Agora, ocorre que a burocracia do Ministério da Economia acaba de recusar a proposta de ajuste oferecida pelo Rio para renovar o seu PRF, alegando que as medidas de cortes de gastos e aumento de arrecadação têm chances remotas de se sustentar, criando-se um certo impasse, pois, a rigor, sem a aprovação de uma nova proposta, o assunto morreria agora, cabendo ao estado pagar de volta todo o serviço da dívida que a União refinanciou até o momento. É fato que, como a maioria dos estados, o Rio obteve uma liminar do STF garantindo que devolução não precisará ocorrer enquanto a citada renegociação não chegar a bom termo. Em face disso, movimentam-se agora, freneticamente, as peças do xadrez político em busca de uma saída.
Exemplo
Questionado pela banca do Canal Livre sobre o melhor caminho para sair do impasse, lembrei aos colegas que, na União, o problema é exatamente o mesmo (exceto porque a União tem a vantagem de poder emitir moeda e se endividar com maior liberdade), e, ao contrário do que possa parecer, a Emenda nº 103/19, que acaba de ser aprovada, obriga a que todas as partes, sem exceção, promovam o equacionamento dos deficits das respectivas previdências. É lamentável, assim, que a União, que deveria dar o exemplo aos demais entes, não se empenhe o suficiente para promover o equacionamento dos seus próprios deficits.

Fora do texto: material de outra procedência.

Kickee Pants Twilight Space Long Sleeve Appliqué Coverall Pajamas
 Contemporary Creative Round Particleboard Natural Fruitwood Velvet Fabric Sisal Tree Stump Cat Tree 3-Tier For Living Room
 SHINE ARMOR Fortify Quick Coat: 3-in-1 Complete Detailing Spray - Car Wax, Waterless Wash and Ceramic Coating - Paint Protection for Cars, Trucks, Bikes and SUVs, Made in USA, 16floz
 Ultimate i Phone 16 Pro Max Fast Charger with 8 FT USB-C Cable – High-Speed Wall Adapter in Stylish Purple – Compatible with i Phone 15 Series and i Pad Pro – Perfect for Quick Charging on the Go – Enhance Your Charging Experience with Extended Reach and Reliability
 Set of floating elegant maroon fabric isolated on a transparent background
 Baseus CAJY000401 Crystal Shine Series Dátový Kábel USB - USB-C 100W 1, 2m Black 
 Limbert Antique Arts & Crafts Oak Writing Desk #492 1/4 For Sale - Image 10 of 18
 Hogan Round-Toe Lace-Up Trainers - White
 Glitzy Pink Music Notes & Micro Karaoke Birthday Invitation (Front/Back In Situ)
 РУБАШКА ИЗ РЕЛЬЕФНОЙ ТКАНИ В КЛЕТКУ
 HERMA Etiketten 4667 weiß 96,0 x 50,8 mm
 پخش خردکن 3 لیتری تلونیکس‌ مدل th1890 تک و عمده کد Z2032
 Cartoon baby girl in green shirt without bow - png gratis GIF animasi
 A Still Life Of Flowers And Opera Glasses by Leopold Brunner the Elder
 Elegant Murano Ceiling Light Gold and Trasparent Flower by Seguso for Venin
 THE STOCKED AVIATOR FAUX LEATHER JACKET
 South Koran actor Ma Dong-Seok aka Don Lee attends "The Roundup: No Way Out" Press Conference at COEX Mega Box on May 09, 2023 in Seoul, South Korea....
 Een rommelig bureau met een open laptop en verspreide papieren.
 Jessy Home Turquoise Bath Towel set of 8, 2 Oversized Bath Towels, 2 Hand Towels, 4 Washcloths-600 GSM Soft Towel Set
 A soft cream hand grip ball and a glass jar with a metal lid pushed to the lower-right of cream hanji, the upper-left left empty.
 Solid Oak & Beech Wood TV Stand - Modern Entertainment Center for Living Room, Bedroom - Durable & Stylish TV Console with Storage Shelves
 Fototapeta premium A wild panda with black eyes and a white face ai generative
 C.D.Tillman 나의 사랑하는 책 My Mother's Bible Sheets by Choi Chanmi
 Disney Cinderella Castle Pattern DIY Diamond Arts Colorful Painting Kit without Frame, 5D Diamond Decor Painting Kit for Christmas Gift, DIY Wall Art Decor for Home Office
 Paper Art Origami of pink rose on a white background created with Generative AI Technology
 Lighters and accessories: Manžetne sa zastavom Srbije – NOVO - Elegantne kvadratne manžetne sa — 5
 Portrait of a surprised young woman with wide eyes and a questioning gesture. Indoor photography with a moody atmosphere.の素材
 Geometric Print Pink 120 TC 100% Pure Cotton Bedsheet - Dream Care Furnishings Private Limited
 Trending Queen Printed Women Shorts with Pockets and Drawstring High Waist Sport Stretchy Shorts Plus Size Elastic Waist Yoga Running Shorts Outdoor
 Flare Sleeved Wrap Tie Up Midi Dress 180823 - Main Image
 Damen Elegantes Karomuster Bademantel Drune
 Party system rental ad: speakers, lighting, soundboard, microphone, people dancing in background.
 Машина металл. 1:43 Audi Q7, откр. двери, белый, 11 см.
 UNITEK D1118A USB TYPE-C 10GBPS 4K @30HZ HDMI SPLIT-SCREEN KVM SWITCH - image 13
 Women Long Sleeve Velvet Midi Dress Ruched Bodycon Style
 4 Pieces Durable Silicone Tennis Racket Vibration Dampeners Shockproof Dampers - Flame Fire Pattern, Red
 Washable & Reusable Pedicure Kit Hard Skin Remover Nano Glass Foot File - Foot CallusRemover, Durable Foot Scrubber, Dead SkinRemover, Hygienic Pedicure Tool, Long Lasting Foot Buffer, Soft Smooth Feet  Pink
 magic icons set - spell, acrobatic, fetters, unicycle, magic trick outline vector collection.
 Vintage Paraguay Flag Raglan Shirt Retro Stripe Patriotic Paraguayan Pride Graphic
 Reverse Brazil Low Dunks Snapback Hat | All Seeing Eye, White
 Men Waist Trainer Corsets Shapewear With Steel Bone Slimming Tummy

Sobre as demais peças da tríade da desgovernança macroeconômica em nosso país, selecionei as seguintes: o forte viés pró-aumento de juros que vigora no país, a meu ver totalmente equivocado, sem falar no seu altíssimo custo para os contribuintes, e a busca frenética pela redução entre a razão entre a dívida pública e o PIB, que, se medida corretamente, é cerca de apenas 20% do valor divulgado nas estatísticas oficiais. Assunto para próximos artigos.